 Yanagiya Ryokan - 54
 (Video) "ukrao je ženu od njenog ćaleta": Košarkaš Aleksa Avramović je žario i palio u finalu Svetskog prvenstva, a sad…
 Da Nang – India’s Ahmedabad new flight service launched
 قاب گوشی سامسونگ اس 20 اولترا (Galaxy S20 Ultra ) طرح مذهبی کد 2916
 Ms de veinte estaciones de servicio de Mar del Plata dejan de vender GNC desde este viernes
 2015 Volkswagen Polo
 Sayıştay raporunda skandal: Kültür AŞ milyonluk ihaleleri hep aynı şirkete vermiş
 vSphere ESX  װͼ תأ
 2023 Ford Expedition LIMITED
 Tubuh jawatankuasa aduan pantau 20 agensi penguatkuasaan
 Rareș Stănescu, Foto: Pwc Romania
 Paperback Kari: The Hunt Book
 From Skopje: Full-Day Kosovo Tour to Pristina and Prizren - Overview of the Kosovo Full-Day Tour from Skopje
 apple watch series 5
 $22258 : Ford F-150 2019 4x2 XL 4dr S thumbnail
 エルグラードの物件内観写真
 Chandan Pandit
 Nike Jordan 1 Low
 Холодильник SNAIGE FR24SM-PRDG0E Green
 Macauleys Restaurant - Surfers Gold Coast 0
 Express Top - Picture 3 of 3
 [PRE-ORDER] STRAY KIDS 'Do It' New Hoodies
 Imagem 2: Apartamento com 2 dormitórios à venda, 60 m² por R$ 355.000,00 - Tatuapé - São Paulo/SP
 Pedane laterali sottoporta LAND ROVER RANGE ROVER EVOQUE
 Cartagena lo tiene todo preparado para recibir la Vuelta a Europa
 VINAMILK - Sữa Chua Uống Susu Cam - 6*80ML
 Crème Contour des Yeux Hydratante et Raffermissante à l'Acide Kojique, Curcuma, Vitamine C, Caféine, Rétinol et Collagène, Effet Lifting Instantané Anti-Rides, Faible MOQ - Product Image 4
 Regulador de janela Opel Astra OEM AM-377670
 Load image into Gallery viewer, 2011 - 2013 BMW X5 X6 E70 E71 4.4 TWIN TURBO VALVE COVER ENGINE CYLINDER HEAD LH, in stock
::::
Copy out every line of the data that includes the word "Ford".

§ Completed task:
 2023 Ford Expedition LIMITED
 $22258 : Ford F-150 2019 4x2 XL 4dr S thumbnail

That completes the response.